Uber purchased the electric bicycle-sharing company Jump earlier this year in a $100M acquisition deal that marked the company’s entry into the shared e-bike and e-scooter market.
Originally, Jump electric bicycles were routinely collected by the company and brought back to a central location for charging.
Now Uber has announced their plans to install electric bicycle charging stations that will improve the usability of the bikes and keep more bikes on the road.
The company plans to begin testing the new electric bicycle charging stations in Sacramento, where they have partnered with the city, according to VentureBeat.
As explained by Uber CEO Dara Khosrowshahi:
“We’re partnering closely with public entities including the Sacramento Regional Transit District, Sacramento Council of Governments and California State University, Sacramento, to make e-bikes a viable option for everyday use, whether that’s commuting to your job or getting to and from public transportation.”
Uber’s Jump bikes are dockless, and thus don’t need to be returned to a specific location after each use. Riders can simply drop them anywhere. However, Uber plans to install their electric bicycle charging stations in popular locations to encourage users to leave them on a charger.
Scoobi and Scoot, two sit-on electric scooter share companies in Pittsburgh and San Francisco use an incentive program to encourage riders to park their dockless scooters at special charging stations spread across the city. Riders who park at a charging station receive a discount on their trip, which could be a method Uber will employ for their own electric bicycle charging stations.

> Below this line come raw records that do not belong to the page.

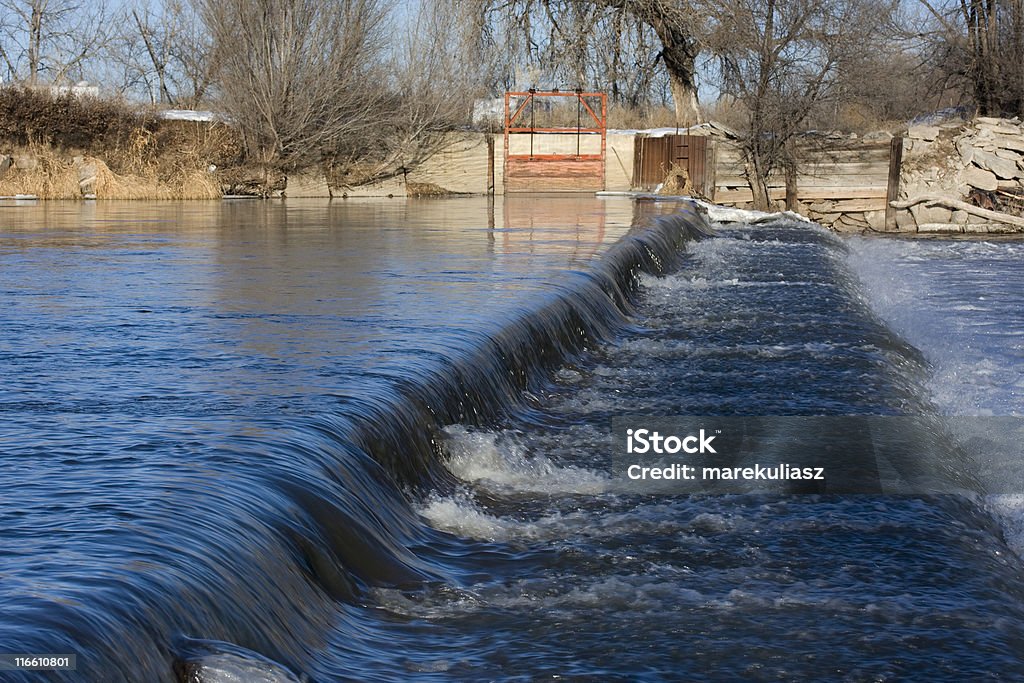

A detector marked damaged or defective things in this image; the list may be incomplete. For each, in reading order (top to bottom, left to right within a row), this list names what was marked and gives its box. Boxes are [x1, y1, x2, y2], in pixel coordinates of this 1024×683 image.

rusty metal gate [504, 89, 608, 192]
rusty metal gate [636, 134, 716, 198] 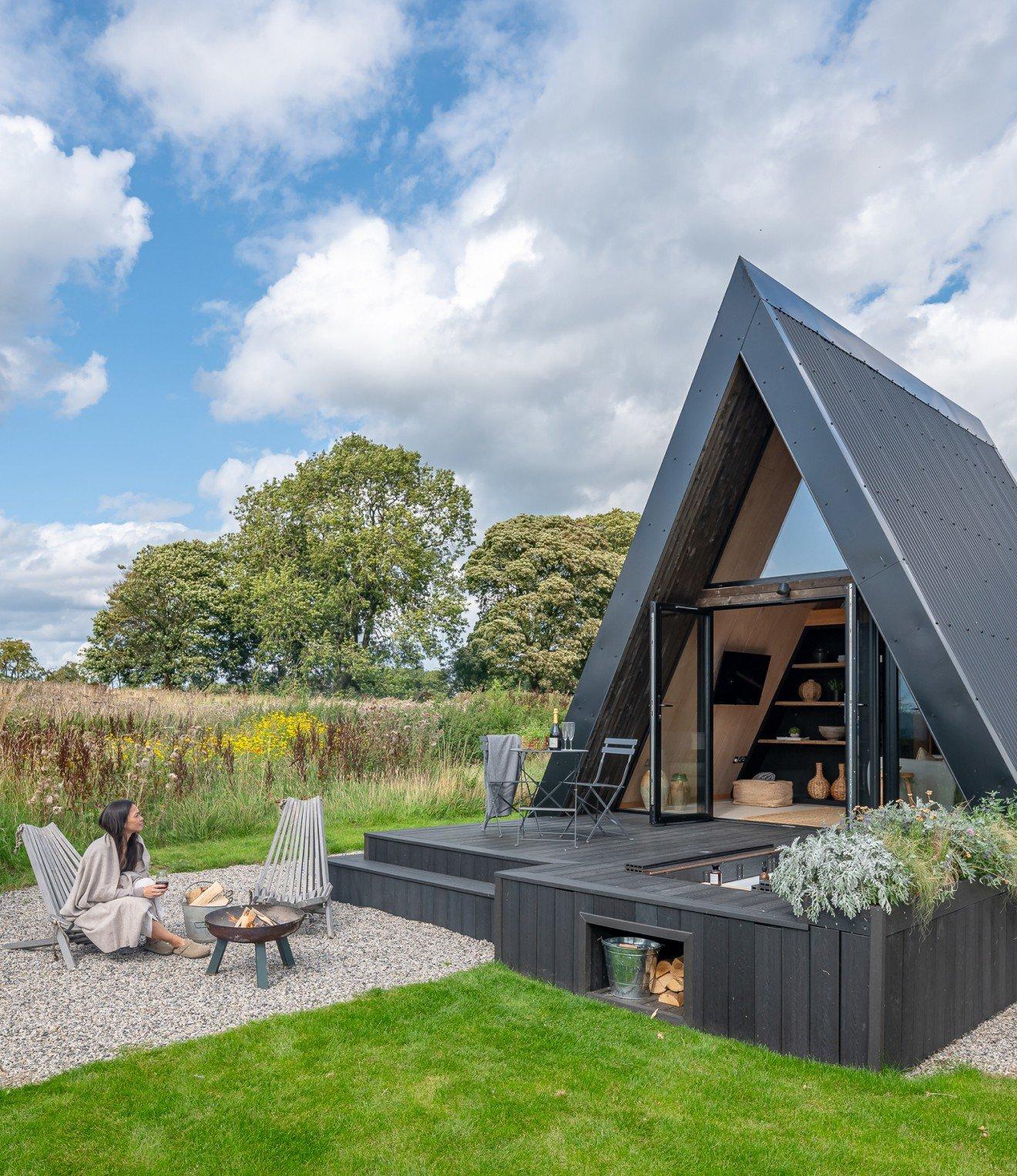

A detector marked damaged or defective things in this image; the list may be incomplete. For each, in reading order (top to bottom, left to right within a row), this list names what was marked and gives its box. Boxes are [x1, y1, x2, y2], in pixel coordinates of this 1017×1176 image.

charred black timber cladding [327, 818, 1015, 1077] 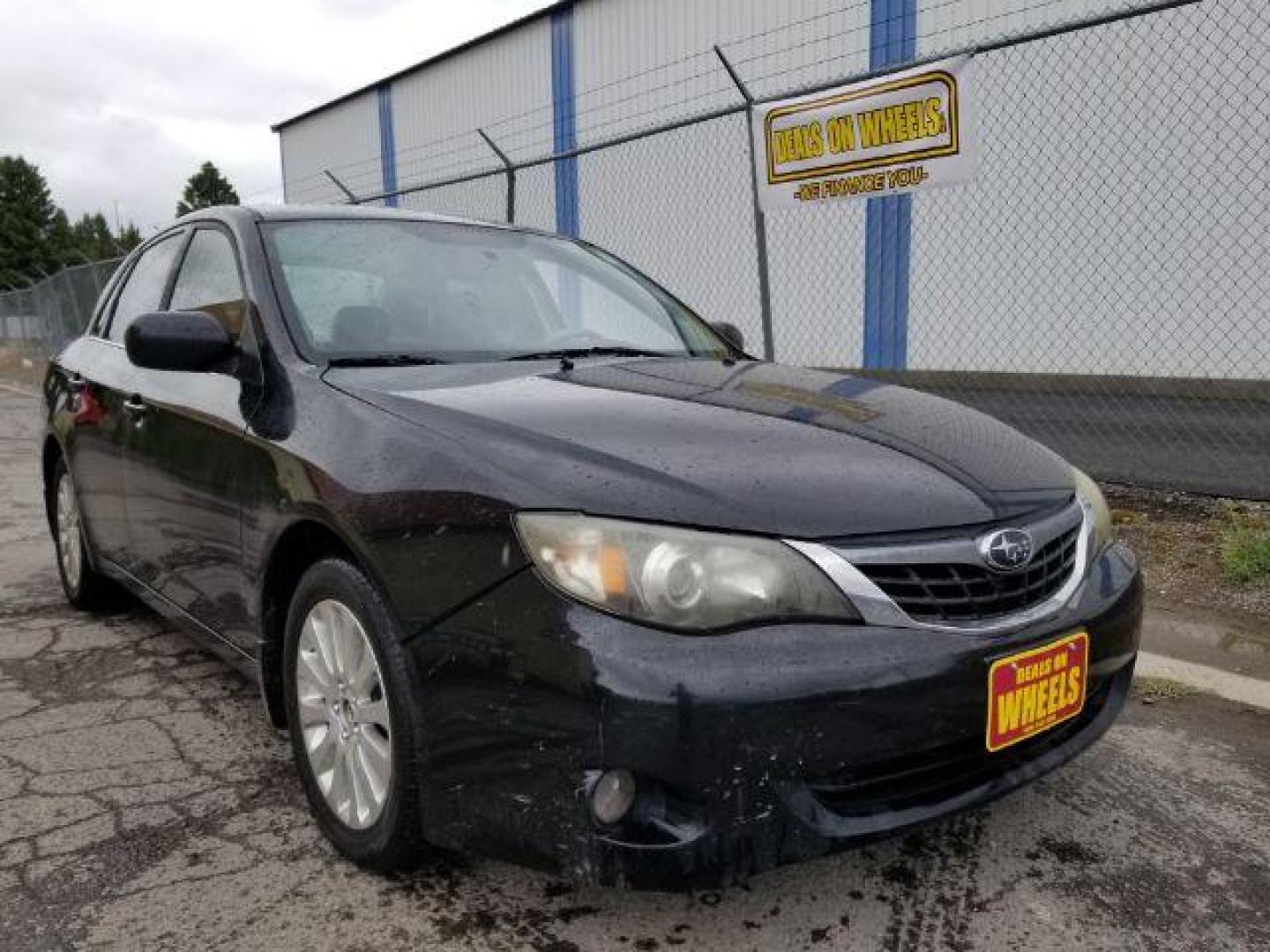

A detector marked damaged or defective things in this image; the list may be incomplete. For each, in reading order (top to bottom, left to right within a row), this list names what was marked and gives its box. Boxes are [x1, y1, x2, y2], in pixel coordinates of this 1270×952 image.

cracked asphalt pavement [0, 383, 1265, 952] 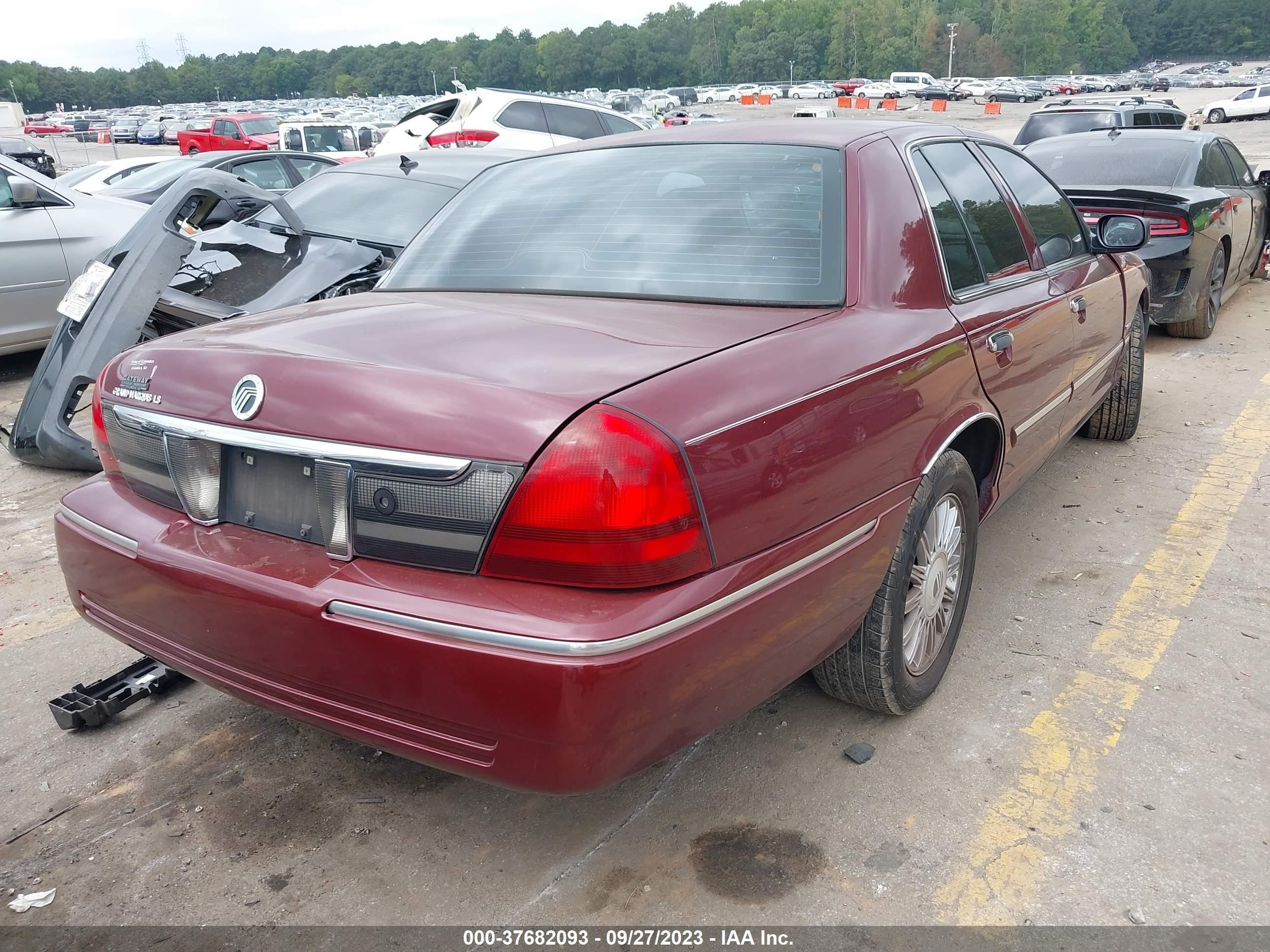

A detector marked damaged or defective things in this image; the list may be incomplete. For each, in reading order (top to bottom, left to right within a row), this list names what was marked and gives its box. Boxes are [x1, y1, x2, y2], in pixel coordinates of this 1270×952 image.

damaged gray car [2, 148, 525, 469] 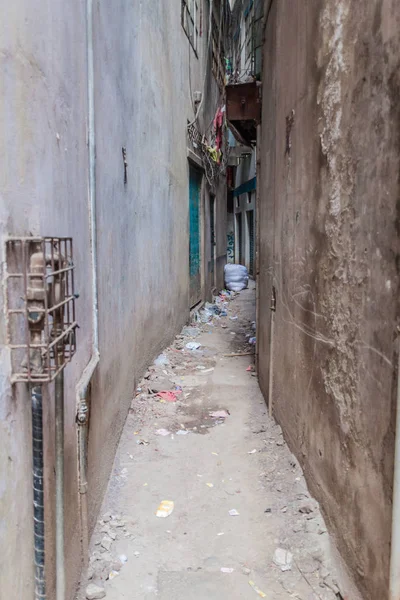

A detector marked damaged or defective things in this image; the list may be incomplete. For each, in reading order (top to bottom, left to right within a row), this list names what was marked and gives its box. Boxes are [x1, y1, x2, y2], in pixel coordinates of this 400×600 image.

rusty metal window grille [182, 0, 199, 54]
rusty metal window grille [4, 237, 77, 382] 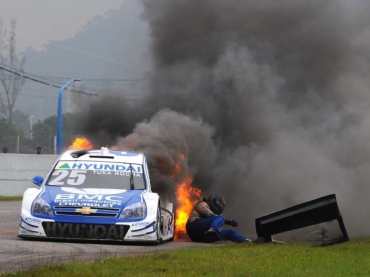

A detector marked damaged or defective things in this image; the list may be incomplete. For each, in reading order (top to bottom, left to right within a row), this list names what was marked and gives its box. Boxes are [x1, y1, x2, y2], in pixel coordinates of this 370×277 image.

crashed vehicle [19, 147, 176, 244] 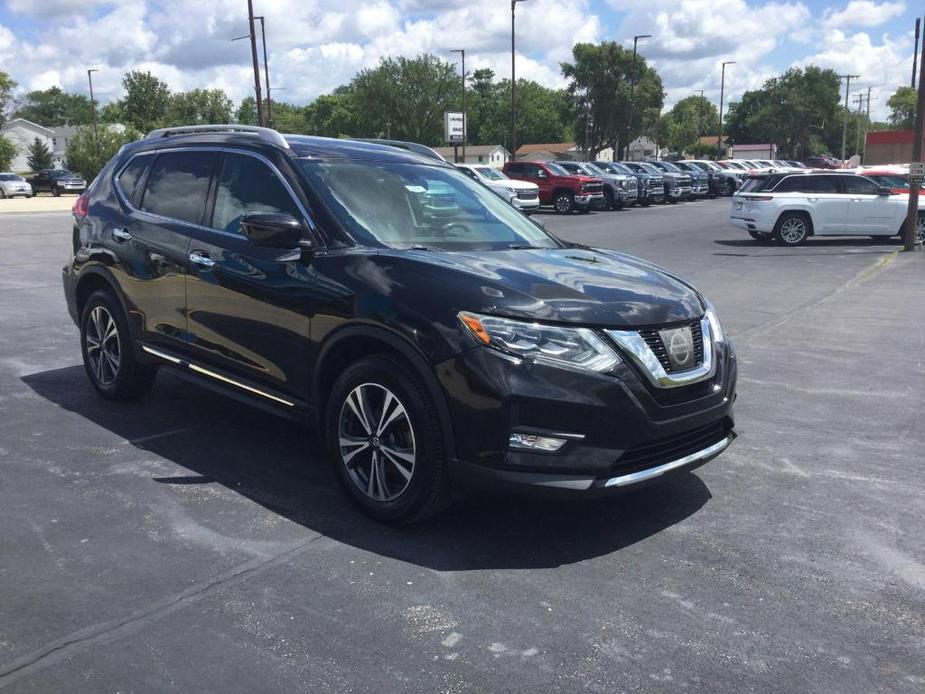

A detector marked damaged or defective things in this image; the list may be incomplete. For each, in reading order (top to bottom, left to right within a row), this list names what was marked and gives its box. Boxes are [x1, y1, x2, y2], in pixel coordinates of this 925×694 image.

pavement crack [0, 532, 324, 692] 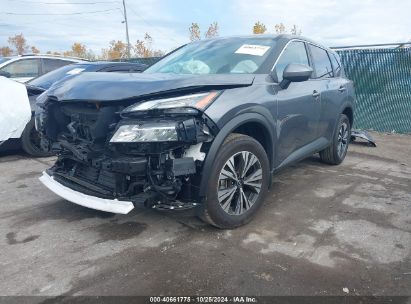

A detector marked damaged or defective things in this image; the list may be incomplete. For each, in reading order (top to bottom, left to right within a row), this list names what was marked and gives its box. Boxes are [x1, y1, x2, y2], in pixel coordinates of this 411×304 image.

cracked hood [46, 72, 256, 101]
broken headlight assembly [121, 91, 219, 114]
damaged black suv [37, 35, 356, 228]
crumpled front bumper [39, 171, 134, 214] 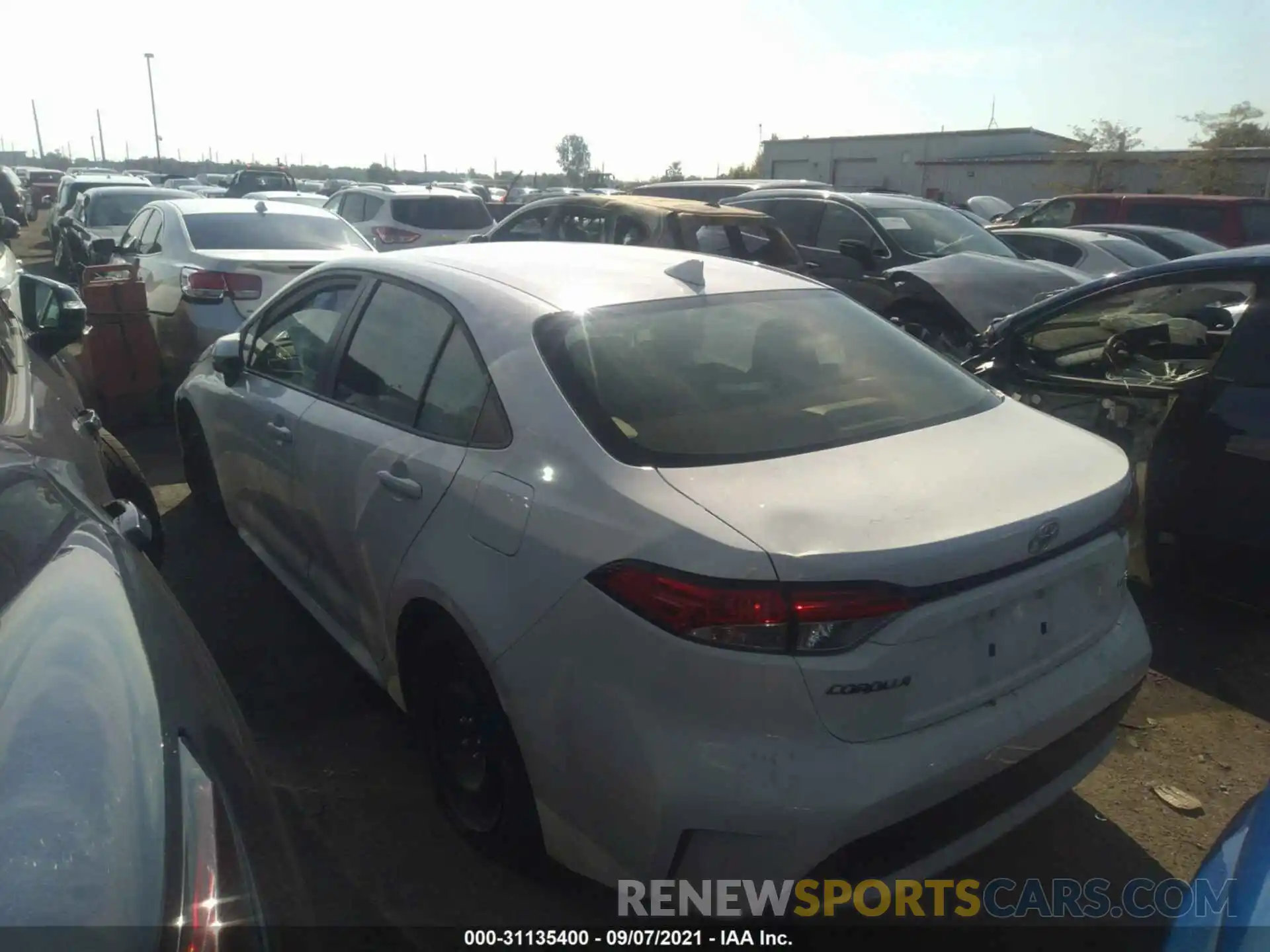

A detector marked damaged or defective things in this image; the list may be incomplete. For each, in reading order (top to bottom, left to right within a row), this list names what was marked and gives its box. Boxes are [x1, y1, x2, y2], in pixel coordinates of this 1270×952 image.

damaged car [721, 186, 1087, 355]
damaged car [960, 246, 1270, 588] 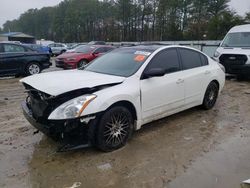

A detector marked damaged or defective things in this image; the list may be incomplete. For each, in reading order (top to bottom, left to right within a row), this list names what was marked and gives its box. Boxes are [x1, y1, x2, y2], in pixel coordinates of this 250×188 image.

dented hood [20, 70, 125, 96]
damaged white car [20, 45, 226, 151]
crumpled front bumper [21, 100, 98, 149] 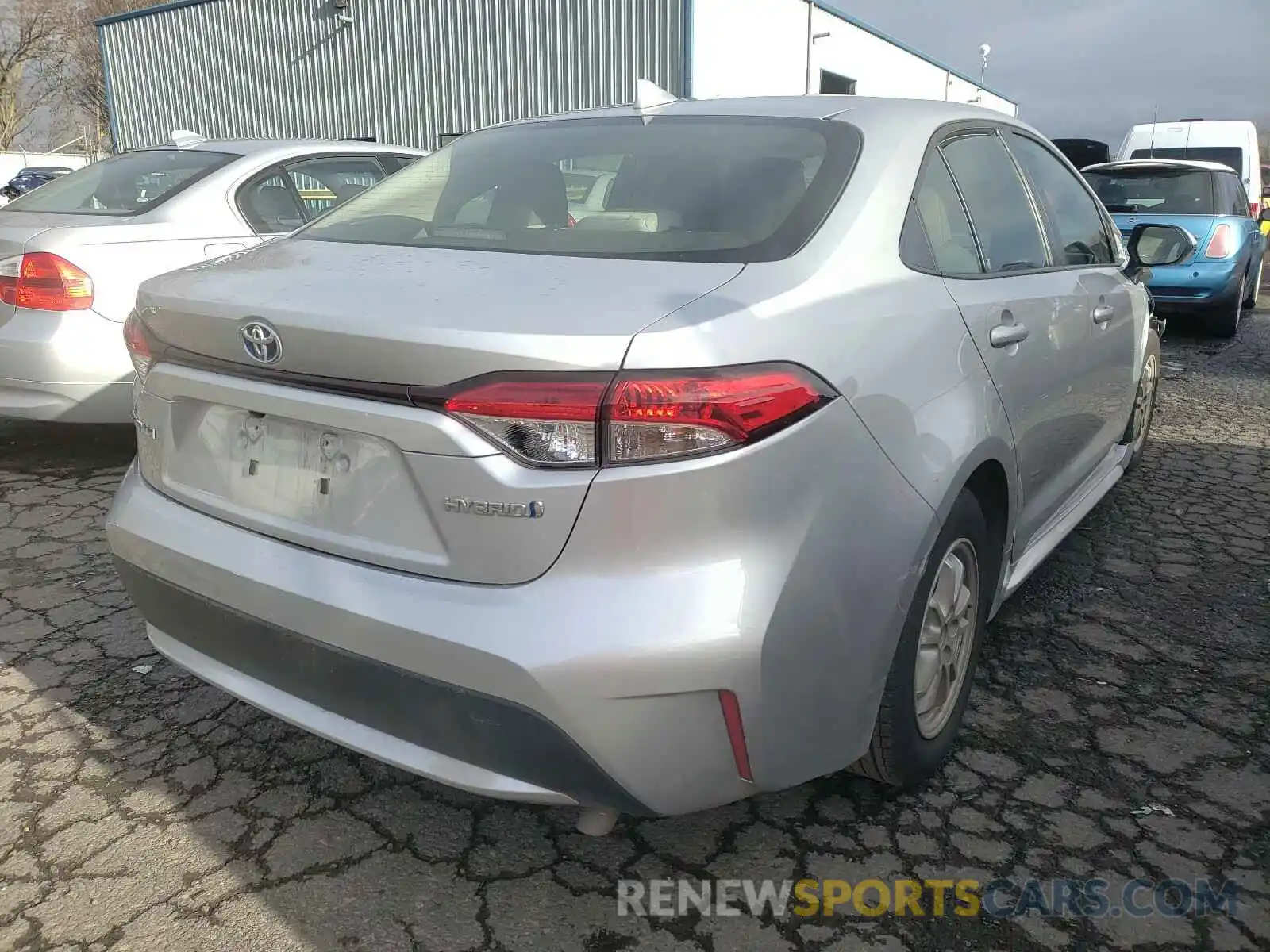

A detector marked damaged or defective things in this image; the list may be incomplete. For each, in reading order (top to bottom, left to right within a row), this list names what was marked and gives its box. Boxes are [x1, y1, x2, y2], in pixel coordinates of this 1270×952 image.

As Uber joins the ranks of other stand-on electric scooter share programs that currently operate around the US, they will likely face similar issues regarding charging of their scooters. Currently, such companies pay individuals who sign up as human chargers to collect the scooters at night and charge them in their homes or apartments.
Public charging stations could help alleviate the issue and keep more electric bicycles and scooters available for public use.